Teachers share words of wisdom about college


Dani Wasserman, Staff Writer

Imagine you are in a lecture hall in college with a class of 150 other students and when the first test was scored, you received the lowest grade. Dr. Samuel Martin, coordinator of student transitions, experienced this exact situation during his freshman year of college, which resulted in him changing his perspective and to work harder to improve his grades. 

 “I wish I had been more studious from the start,” Dr. Martin said. “The lesson I learned was that college moved at a much quicker pace with less room for error.”

College expectations reach a different caliber than that of high school. Students must learn and adjust to the new standards while maintaining strong grades and work ethic, which can be a struggle for many. However, there are many different tips and tricks for success in college. For instance, use proven time management skills or find mentors and like-minded peers. 

“The key was learning how to manage my time,” Dr. Martin said. “I scheduled everything-class time, study time, work time, time at the gym, social time, video game time.” 

 Balancing college with daily life can often be a struggle, and as a result, students may give up or fail. Andrew Gallagher, English teacher, has two reasons for not giving up and pushing through the struggle. 

“One is practical: Dropping out of college is expensive–you take on the debt but get none of the benefits,” Gallagher said. “Over the course of your life, you’ll earn quite a bit more with a diploma than without it. The other reason is that pushing through challenges can help you discover who you are and what you genuinely care about.”

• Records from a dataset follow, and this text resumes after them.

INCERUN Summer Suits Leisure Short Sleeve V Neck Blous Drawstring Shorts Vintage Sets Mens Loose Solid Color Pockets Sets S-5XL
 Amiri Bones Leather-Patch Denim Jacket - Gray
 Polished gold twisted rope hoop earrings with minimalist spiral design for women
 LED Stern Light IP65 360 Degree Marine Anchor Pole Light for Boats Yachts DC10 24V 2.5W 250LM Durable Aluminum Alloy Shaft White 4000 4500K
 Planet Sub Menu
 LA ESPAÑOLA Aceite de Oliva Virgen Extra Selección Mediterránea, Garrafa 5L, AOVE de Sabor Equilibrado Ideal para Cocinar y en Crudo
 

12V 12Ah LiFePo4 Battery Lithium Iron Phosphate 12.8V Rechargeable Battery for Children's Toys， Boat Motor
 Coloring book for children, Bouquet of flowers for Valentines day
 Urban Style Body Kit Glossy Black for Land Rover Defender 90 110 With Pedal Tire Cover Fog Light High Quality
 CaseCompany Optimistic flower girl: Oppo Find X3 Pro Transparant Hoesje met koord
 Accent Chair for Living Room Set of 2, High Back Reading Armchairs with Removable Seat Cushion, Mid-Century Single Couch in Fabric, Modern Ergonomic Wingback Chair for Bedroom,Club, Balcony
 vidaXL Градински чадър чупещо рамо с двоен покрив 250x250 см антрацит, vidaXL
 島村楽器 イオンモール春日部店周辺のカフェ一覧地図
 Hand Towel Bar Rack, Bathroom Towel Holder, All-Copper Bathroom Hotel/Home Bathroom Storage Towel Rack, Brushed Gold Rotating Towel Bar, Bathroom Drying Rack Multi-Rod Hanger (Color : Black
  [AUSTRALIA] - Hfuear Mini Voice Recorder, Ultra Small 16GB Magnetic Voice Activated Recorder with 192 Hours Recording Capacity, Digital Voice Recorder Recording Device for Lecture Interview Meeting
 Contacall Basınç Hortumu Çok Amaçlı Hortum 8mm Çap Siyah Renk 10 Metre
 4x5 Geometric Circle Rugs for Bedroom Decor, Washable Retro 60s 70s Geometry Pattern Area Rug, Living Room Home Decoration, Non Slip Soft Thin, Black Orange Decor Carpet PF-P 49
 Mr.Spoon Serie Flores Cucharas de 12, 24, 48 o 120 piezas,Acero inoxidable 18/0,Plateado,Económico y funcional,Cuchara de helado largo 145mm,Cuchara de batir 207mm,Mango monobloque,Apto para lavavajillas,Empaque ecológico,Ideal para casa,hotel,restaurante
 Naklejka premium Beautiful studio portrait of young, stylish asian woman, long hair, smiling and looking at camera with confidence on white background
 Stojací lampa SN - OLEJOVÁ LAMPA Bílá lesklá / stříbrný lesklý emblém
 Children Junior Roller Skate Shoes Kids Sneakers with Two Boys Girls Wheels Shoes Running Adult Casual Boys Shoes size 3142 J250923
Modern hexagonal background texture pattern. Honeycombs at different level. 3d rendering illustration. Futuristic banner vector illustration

Many students who push through the struggles will often begin to question their major. Many will switch their major halfway through college and find something else they are passionate about, which often causes stress. 

 “I went into college focusing on a professional career-oriented track: journalism, but I was really drawn more to creative writing,” Gallagher said. “I could have been more honest with myself about what I cared about most and saved myself a change in my major.”

Not only is it important to be honest with yourself at the beginning, but also to not be obsessed with the name or reputation of the school. 

“From my personal experience and that of many of my friends, we didn’t need to go to a private (more expensive) college, when we could have saved a lot of money by just going to a public university,” Samuel Llanos, math teacher, said. “The name of the school attracted us there, but we would have done just as well in our careers had we gone somewhere else. What really matters is what you learn there and how you build your skillset to make yourself more marketable than the next person.”